Lastly, it is too costly and time-consuming to reconfigure AppSec mechanisms each time the development pipeline changes. This becomes particularly important to consider as AI-enabled pipelines elevate scalability as an ongoing concern. Organisations cannot continue to bear the burden of managing multiple tools, enforcing distinct policies, and maintaining performance. Without a strategy for scaling securely, initiatives risk collapsing under their own weight.

Strategies for Overcoming Obstacles to Efficient, Effective DevSecOps

The first step in overcoming these challenges is a change of mindset. DevSecOps is a concerted effort across teams and contributors, and "security" must be facilitated by the intelligent use of the right test at the right time, governed by the policies and controls set in place by AppSec teams, and reflecting the broader needs of the business. Security that feels disconnected from - even contradictory to - business objectives is more likely to be subverted.

From this foundation, four pillars should guide the implementation of DevSecOps.

  • Meet Developers Where They Are: Understanding how development and engineering teams define success, the tools, and processes they use, and helping inject security risk awareness and security capabilities into what they're already doing. This helps them support security without deviating from their established workflows.
  • Integrate and Automate: Integrating critical tests for security, quality, and compliance so you can establish automated security gates that manage risk without adding manual effort. This closes the loop with development teams much more quickly, as close as possible to when that risk is introduced so they can fix faster or avoid issues altogether. This is critical to keeping pace with the deluge of code flooding pipelines from AI coding assistants.
  • Cultivate Developer Security Capabilities: Standardizing expectations of security and empowering developers to support that while coding, fostering a technical workforce that helps make more-secure software over time, and reducing issue backlogs through regular activities. This enables developers to be essential cross-checks who can quickly monitor the output of semi-autonomous AI coding assistants and eliminate implicit trust in AI.
  • Architect a DevSecOps Strategy That Can Evolve and Scale: There are many inherent truths to DevSecOps. Pipelines change, goals change, requirements, standards, and expectations all change over time. Organisations should avoid spending valuable time and resources redesigning an AppSec program repeatedly. Centralize and prioritize risk intelligence derived from various security tests, triaged against risk tolerance policies, and unify this atop an AppSec platform to begin consolidating various legacy tools inherited over time.

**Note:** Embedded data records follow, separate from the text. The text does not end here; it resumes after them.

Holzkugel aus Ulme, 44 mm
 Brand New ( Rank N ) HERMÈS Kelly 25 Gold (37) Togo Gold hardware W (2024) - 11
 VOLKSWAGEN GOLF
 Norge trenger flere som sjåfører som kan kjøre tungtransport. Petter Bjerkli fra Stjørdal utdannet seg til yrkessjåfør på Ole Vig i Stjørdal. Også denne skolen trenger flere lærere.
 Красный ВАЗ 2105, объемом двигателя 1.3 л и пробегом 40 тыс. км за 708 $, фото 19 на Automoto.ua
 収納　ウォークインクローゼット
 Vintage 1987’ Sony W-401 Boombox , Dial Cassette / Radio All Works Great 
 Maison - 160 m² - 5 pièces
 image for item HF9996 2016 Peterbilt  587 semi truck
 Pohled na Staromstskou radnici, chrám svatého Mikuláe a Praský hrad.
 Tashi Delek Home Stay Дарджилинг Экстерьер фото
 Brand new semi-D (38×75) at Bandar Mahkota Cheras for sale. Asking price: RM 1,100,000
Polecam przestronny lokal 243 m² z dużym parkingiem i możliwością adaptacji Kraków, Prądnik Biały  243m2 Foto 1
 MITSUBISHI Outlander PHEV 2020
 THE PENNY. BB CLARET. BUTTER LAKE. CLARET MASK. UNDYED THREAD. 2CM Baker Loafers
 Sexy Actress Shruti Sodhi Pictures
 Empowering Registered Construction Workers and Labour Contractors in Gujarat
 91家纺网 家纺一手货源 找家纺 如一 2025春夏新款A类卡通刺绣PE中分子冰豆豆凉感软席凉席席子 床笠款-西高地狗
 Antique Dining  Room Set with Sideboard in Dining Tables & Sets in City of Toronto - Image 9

When these pillars are observed, security becomes a natural extension of development rather than a bottleneck. Developers are more engaged, risks are reduced earlier in the cycle, and security teams gain the confidence that their policies are being applied consistently.

Realise the Value of Integrated DevSecOps Now Rather Than Later

Integrating AppSec into DevSecOps is not about adding more tools or creating new bottlenecks. It is about rethinking how security can be the natural result of the AI-enabled software development and delivery that's already happening, without compromising on risk tolerance or speed of innovation. By recognising the pitfalls of tool sprawl, conflicting priorities, and poor feedback loops between development and security, and by adopting strategies centred on alignment, velocity, enablement, and scalability, organisations can overcome common obstacles.

At scale, this means coordinating governance, disseminating insight, unifying platforms, and embedding security into every stage of development. When done well, the result is not just safer software, but a development culture where security is seen as an enabler of innovation rather than an impediment. In a world where attackers are faster and more resourceful than ever, integrating AppSec into DevSecOps is essential.